May 4, 2004

THE SHAH ALWAYS FALLS:

Iran professor will not appeal sentence (ALI AKBAR DAREINI, May 4, 2004. ASSOCIATED PRESS)

A university professor has decided not to appeal a reinstated death sentence, effectively challenging Iran's hard-line judges to execute him for criticizing clerical rule, his lawyer said Tuesday.

The original sentence handed down to Hashem Aghajari in 2002 provoked massive student demonstrations and street battles with hard-line vigilantes. The uproar highlighted the power struggle between reformists and conservatives in Iran.

The Supreme Court overturned the death penalty last year. But the original court in the western province of Hamedan province has reinstated it, a provincial judicial official disclosed Monday.

"Professor Aghajari told me Monday evening that his family and I have no right to appeal the new death sentence," Saleh Nikbakht told reporters Tuesday.

Aghajari was determined to challenge the judiciary to carry out the sentence, Nikbakht said. "If not appealed, the sentence will be final and the judiciary will have to carry it out," he said. [...]

"Everything has returned to square one," Nikbakht said. "It's a disgusting verdict and a great insult to the judicial system."

The lawyer said the court was penalizing a person who had dedicated his life to promoting a moderate version of Islam.


Easier to say "give me liberty of give me death" than to actually make the choice. The professor and his lawyer are heroes.

Posted by Orrin Judd at May 4, 2004 10:43 PM
Comments

>Easier to say "give me liberty of give me death"
>than to actually make the choice.

Especially when (like our own Concerned and Compassionate and Courageous (TM) Activists denouncing Bush as Emperor Palpatine and Ashcroft as Darth Vader) you are actually in no danger either way.
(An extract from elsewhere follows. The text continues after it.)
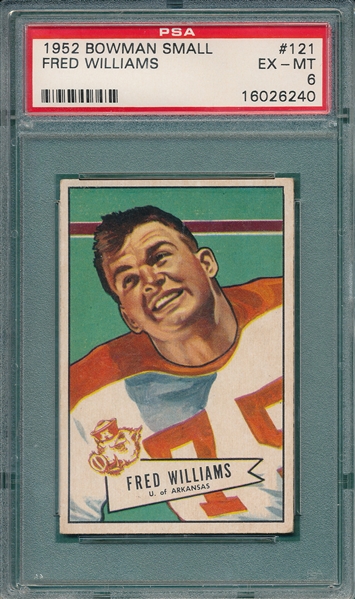 1952 Bowman Small FB #121 Fred Williams PSA 6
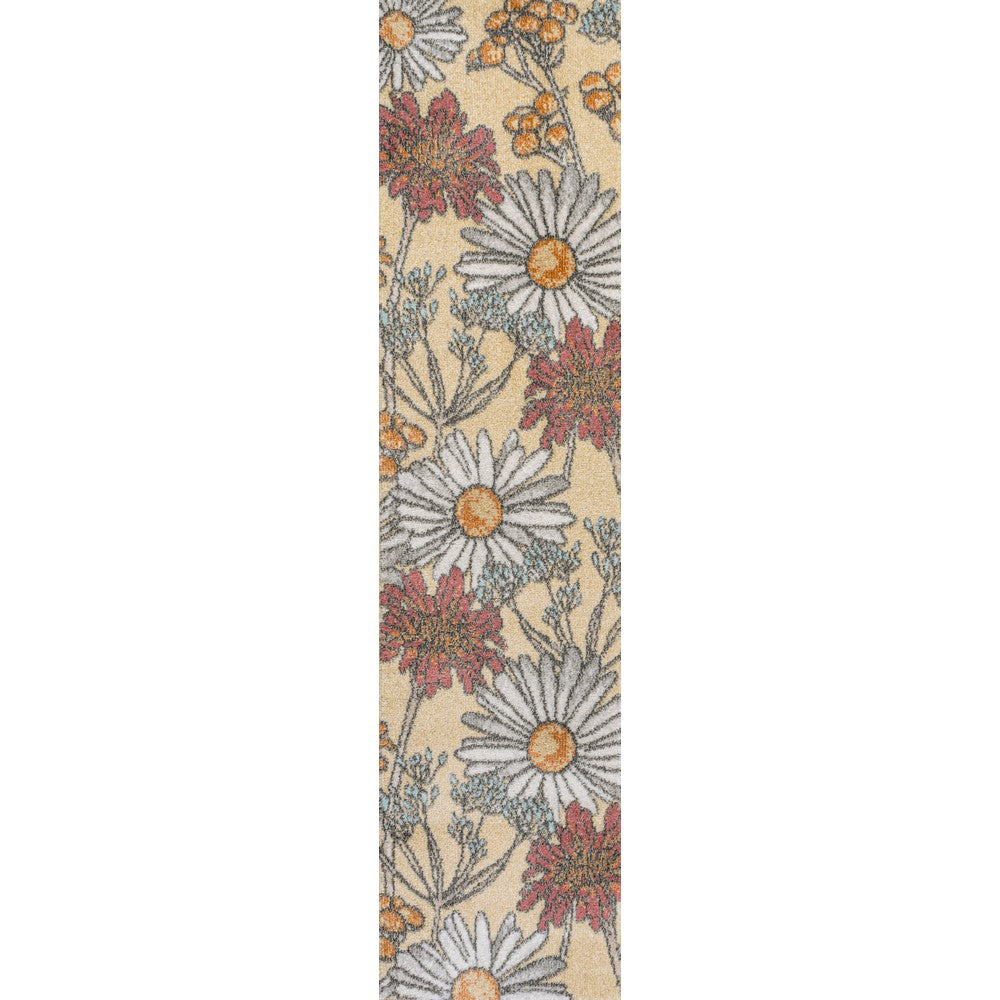 Doz Modern Botanical Wildflower Area Rug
Posted by: Ken at May 5, 2004 12:40 PM

Not only is the professor the real deal - all those so-called "shaheeds" strapping on dynamite belts look pretty crummy when you consider how a _real_ martyr does things downtown - but this is a political masterstroke. If every revolution needs its martyr, then if the mullahs are actually so stupid as to execute the professor, the second Iranian revolution will have its Nathan Hale.

Posted by: Joe at May 5, 2004 7:26 PM

True enough, but how long will anybody remember him after he's dead?

Not long, I bet.

Posted by: Harry Eagar at May 5, 2004 11:29 PM

No one remembers Solzenhitsyn and he's not even dead yet, but he changed the world.

Posted by: oj at May 5, 2004 11:32 PM

I'm awed. But I'm afraid Harry's right.